Monday, February 22, 2010

The Bionic Eye

The entire system runs on a battery pack that's housed with the video processing unit. When the camera captures an image -- of, say, a tree -- the image is in the form of light and dark pixels. It sends this image to the video processor, which converts the tree-shaped pattern of pixels into a series of electrical pulses that represent "light" and "dark." The processor sends these pulses to a radio transmitter on the glasses, which then transmits the pulses in radio form to a receiver implanted underneath the subject's skin. The receiver is directly connected via a wire to the electrode array implanted at the back of the eye, and it sends the pulses down the wire.

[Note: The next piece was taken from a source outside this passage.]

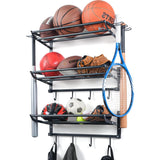 FelRelWel Garage Sports Equipment Storage Rack with Separate Shelf, Ball Rack, Sport Equipment Organizer withHooks for Badminton Racket, Basketball Rack for Basketball Football Rugby FelRelWel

When the pulses reach the retinal implant, they excite the electrode array. The array acts as the artificial equivalent of the retina's photoreceptors. The electrodes are stimulated in accordance with the encoded pattern of light and dark that represents the tree, as the retina's photoreceptors would be if they were working (except that the pattern wouldn't be digitally encoded). The electrical signals generated by the stimulated electrodes then travel as neural signals to the visual center of the brain by way of the normal pathways used by healthy eyes -- the optic nerves. In macular degeneration and retinitis pigmentosa, the optical neural pathways aren't damaged. The brain, in turn, interprets these signals as a tree and tells the subject, "You're seeing a tree."